On March 13, 2015, ‘Newton’ started his maiden action in militancy. Newton’s Third Law of Motion---‘To every action, there’s an equal and opposite reaction’---culled out three young lives, including Ishaq’s, when troops swooped down on their hideout and killed all the three holed up militants in a single-storey house at Mir Mohalla, on the southern outskirts of Dadsar. This is the village which, for over a decade, won the sobriquet of the Kashmir militancy’s capital as it produced the highest number of militants---around 50, more than any other village in the Valley.

Interestingly, Dadsar lives in a contrast. It also created the first---and till date the last---Divisional Commander of the Indian Army, Major General Amin Nayak. Even the Hizbul Mujahideen’s youth icon Burhan Wani, in whose praise slogans were shouted last month even at Jawahar Lal Nehru University, in New Delhi, lived here at Amlar hamlet before his father Muzaffar Wani shifted residence to Shariefabad, situated on the outskirts of Tral.

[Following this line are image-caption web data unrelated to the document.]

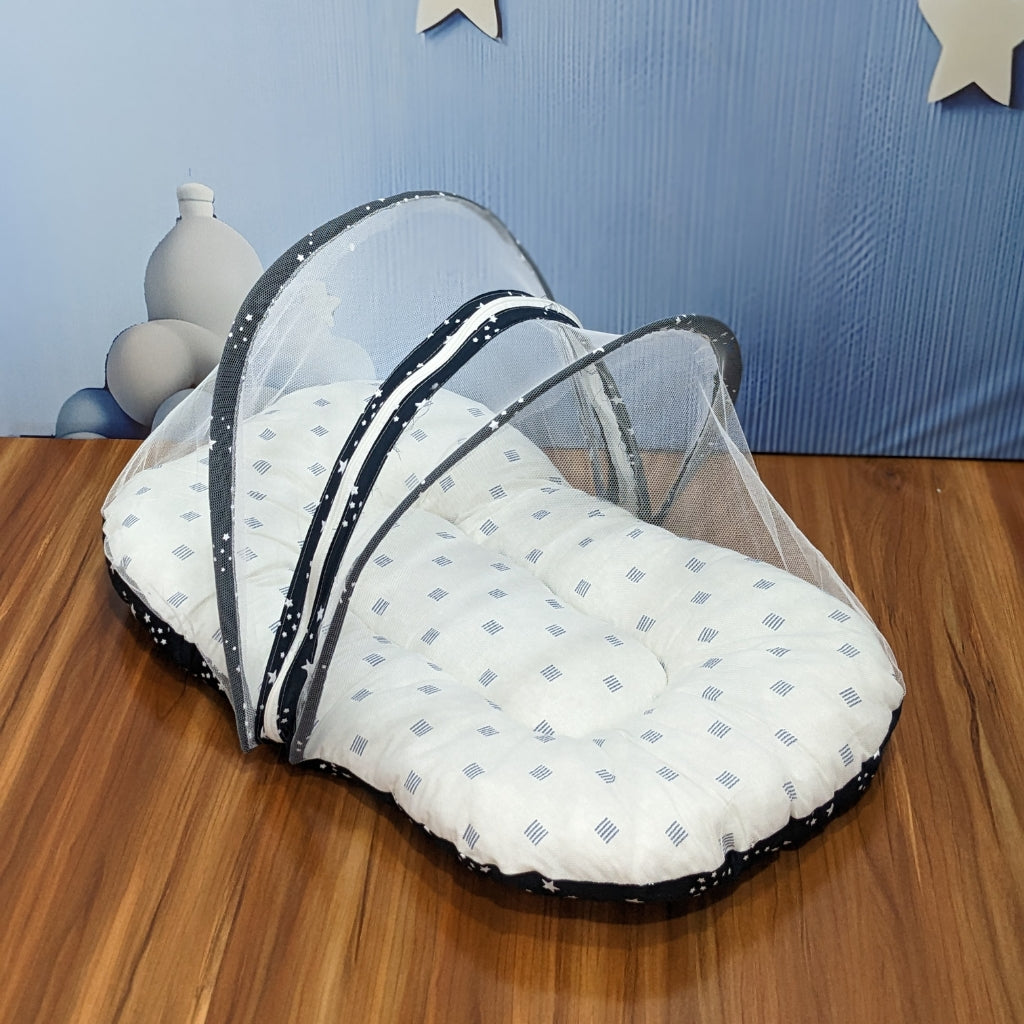 Starry Dreams Baby Bedding Set - 8 Pieces (Navy Blue) | Large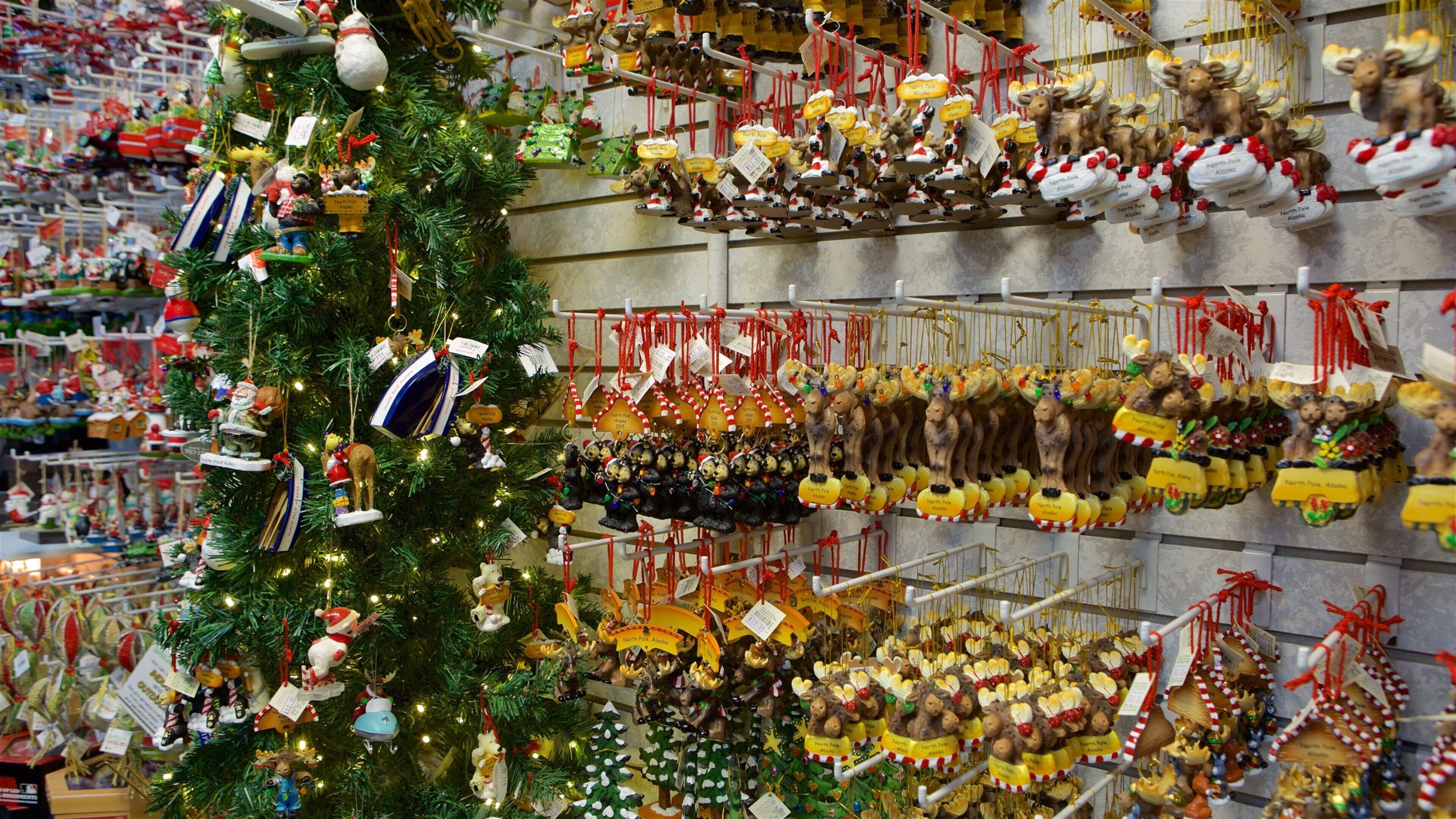 North Pole som viser innendørs og marked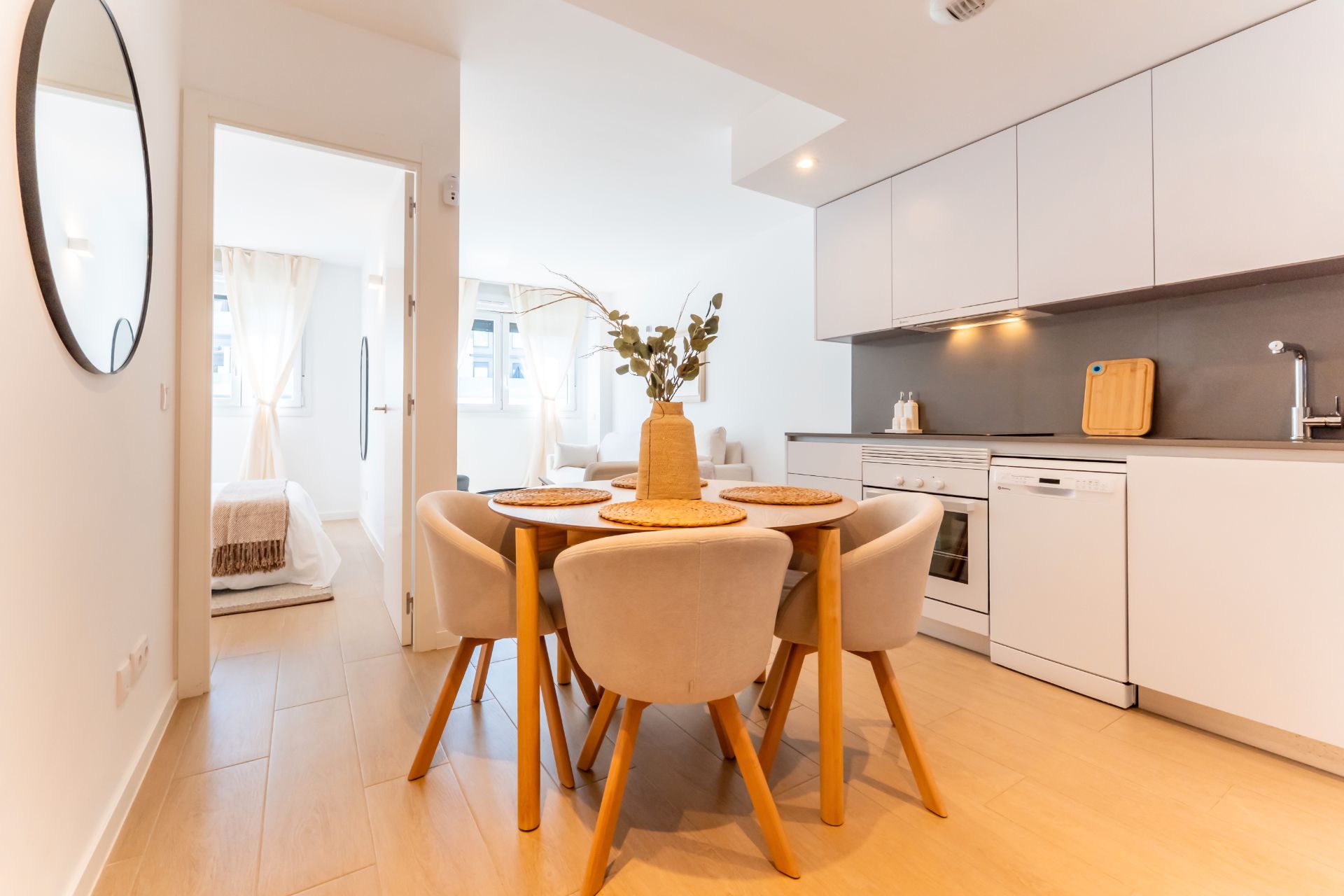 Cuina de Apartament de lloguer en  Madrid Capital amb Aire condicionat, Calefacció i Traster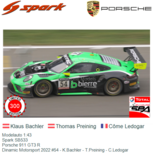 Modelauto 1:43 | Spark SB533 | Porsche 911 GT3 R | Dinamic Motorsport 2022 #54 - K.Bachler - T.Preining - C.Ledogar Modelauto 1:43 | Spark SB533 | Porsche 911 GT3 R | Dinamic Motorsport 2022 #54 - K.Bachler - T.Preining - C.Ledogar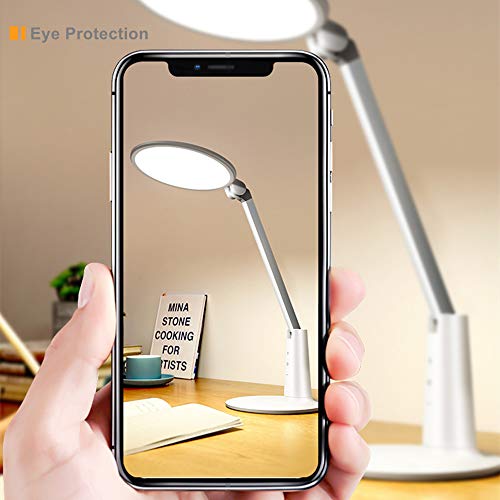 Gerintech Led Desk Lamp With Adjustable Brightness, Dimmable Bright Table Lamp For Bedroom, Office, Reading, Study (White) #TOP6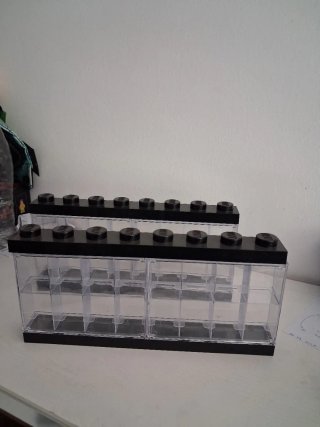 2 Estanterías Lego 38.5x4.5cm x17.5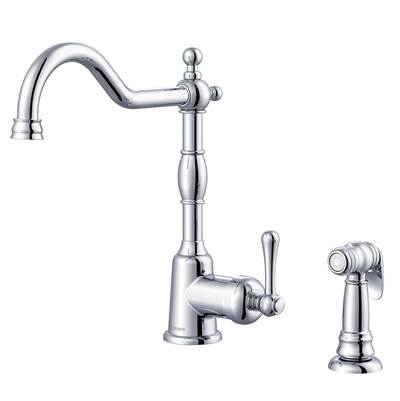 Gerber Plumbing D401157 - Opulence 1H Kitchen Faucet W/ Spray 1.75Gpm Chrome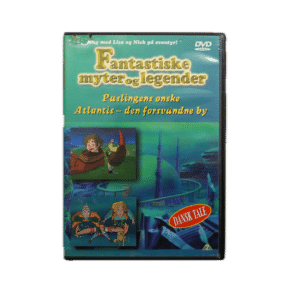 Fantastiske Myter og Legender – Puslingens Ønske / Atlantis – Den Forsvundne By – DVD (Brugt) – Alle varer – Front cover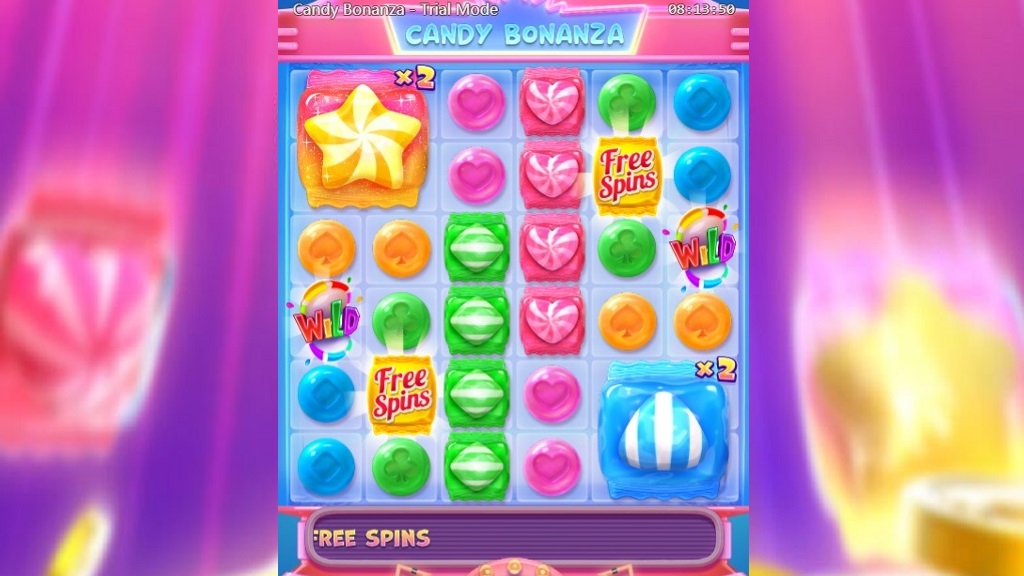 Screenshot of Candy Bonanza slot from PocketGamesSoft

Dadsar, the graveyard of over 50 militants and civilians, reverberated with deafening gunfire all through last night as the threesome---‘Isaac Newton’, Asif Ahmad Mir alias Muaviya of the same neighbourhood and Ashiq Ahmad Bhat alias Obaida of Chursoo---made sustained efforts to escape. Labouring under the apprehension that massive crowds could gather next morning and disrupt the operation, as happened in several other encounters in Pulwama district, troops destroyed the house but only after the inmates were evacuated safely. All the three militants, in the age group of 19 to 24 years, were killed and their partially charred bodies were recovered and handed over to the residents for the last rites.

Luck had favoured Asif on July 3 last year when he got hit in an encounter at Saimoh but managed to escape. His secret visit to his aunt’s house proved to be fatal on Wednesday night.

“Much more than the encounter, we were apprehensive of a possible law and order situation. However, thank God, the residents did not create much of trouble and the funeral of the three militants passed off smoothly”, SSP Awantipore Mohammad Irshad told STATE TIMES. He said that three to four thousand people participated in the three militants’ funeral procession, though independent reports, corroborated by a Police agency, insisted that over 6,000 attended Asif’s funeral and 3,000 each Ishaq’s and Ashiq’s, amid the routine anti-India, pro-azadi and pro-Pakistan slogans. Police chose to stay away.

“It was a neat and clean operation that ended without any collateral damage. Protests and paying homage to the militants doesn’t bother us much. That essentially is the job of the local Police and politicians. They know how to deal with it”, said a senior Army officer associated with the operation.

“The sacrifices of Muhammad Ishaq, Aasif Ahmad Mir and Ashiq Hussain Bhat revealed that every Kashmiri is yearning for freedom,” Hizbul Mujahideen supremo Syed Salauddin said in praise of the three militants in a statement from Pakistan. He regretted that “some elements” were assisting Indian armed forces to eliminate militants “for their vested interests.”

“There are some elements that indulge in anti-freedom activities and work for Indian agencies as informers. The involved persons will also get exposed,” the Hizb chief said while extending sympathies and condolences to the bereaved families.